Super Bowl XLIX will feature the smartest coach-quarterback tandem of the past 15 years attempting to wrest the NFL crown from the mentally toughest team in the league.
Counting his days as Bill Parcells' defensive coordinator with the Giants, Bill Belichick will be coaching in his eighth Super Bowl. Tom Brady is the first quarterback to start six title games.
For all of that success in New England, it's the Seattle Seahawks who seem to have adopted Rudy Tomjanovich's maxim about never underestimating the heart of a champion.
The Seahawks needed an avalanche of fluky plays to wrap up the NFC, but the defense deserves credit for a stiff backbone and the offense for an unflappability in the face of their own ineptitude.
Battling back from the worst three-quarter stretch of his career, Russell Wilson outlined exactly how the game would end during the overtime coin flip.
"I told (offensive coordinator) Darrell Bevell I was going to get the look I wanted," Wilson said, via NFL Media columnist Michael Silver, "make the check we'd practiced and hit Jermaine (Kearse) for the winning touchdown."

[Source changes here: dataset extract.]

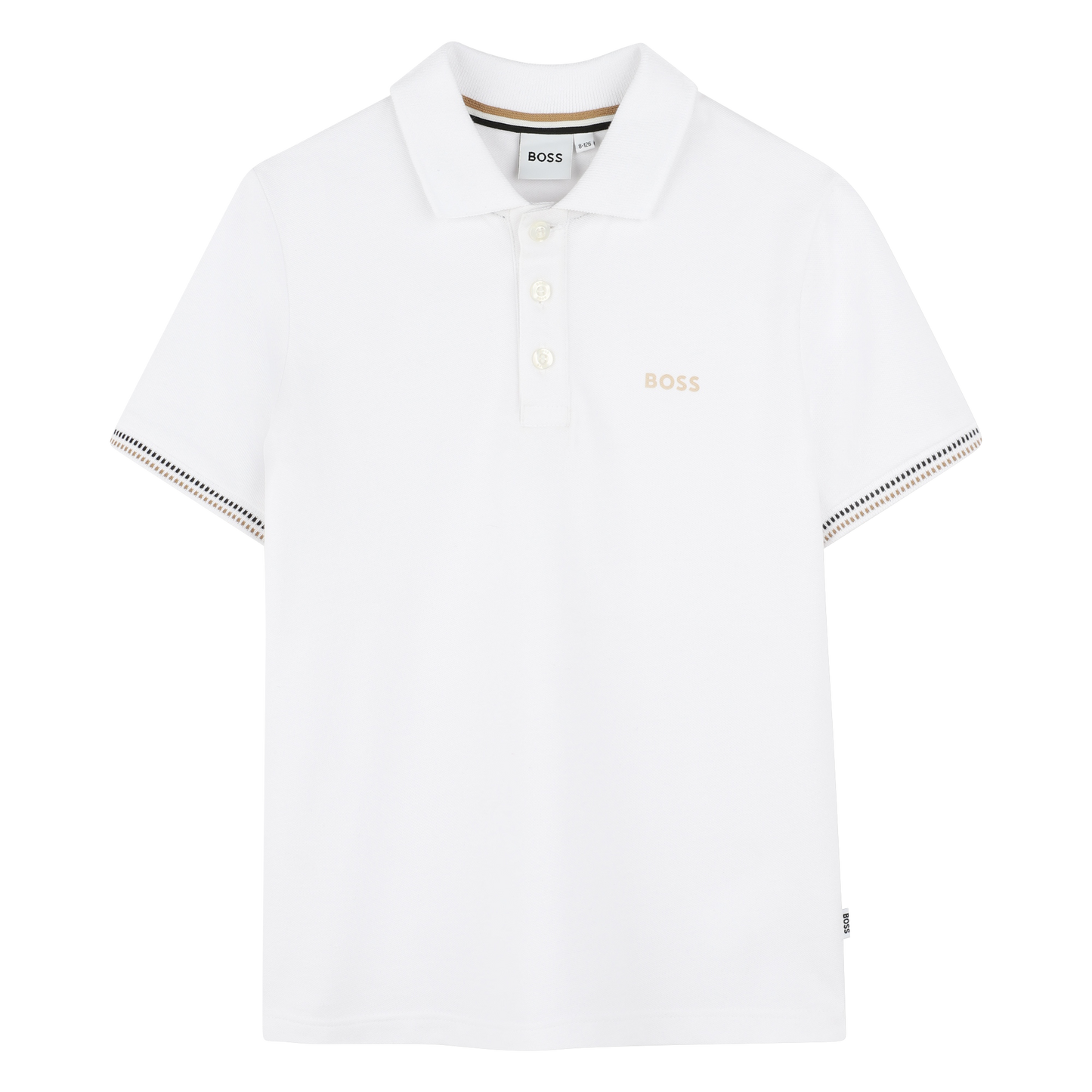 Boss, T-shirts, Boss - Short sleeved polo T-shirt, white with sleeve trim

Coach Pete Carroll corroborated Wilson's account.
"True story," Carroll said. "We had something in mind all game, and were just waiting for the look, and Russell told Darrell that's what was gonna happen. Even when things were rough, he was in it the whole way. He never doubted that he could get it done. He never hesitated, never flinched. We talked the whole time, and he kept saying that we were gonna find a way."
It wasn't just the coaches in awe of Wilson's composure.
All-Pro cornerback Richard Sherman proclaimed Wilson a "mental giant."
"When the ball didn't bounce his way, he didn't go in the tank and say, 'Woe is me,' " Sherman explained, "He stepped up when we needed him most and he won the game for us. I'm not sure people get how great he is. I hope they get it now."
While Wilson garners plenty of credit for his athleticism and improvisational skills, the mental side of his game has been underappreciated.
"I know the game's gotta be slow to Russ, for him to see that and make that call in that situation," All-Pro safety Earl Thomas said of the game-winning play. "When I saw them line up that way, I said, 'That's it, man.' And the two-point conversion? That's Russ. Russell does all kinds of stuff you never think of. It just works."
Wilson is set to match wits with the most accomplished postseason quarterback of the 21st century for 60 minutes.
"I've been thinking about this for months," cornerback Brandon Browner said, via NFL Media's Judy Battista. "Ali-Frazier, if that's what you want to call it. I call it Seahawks-Patriots."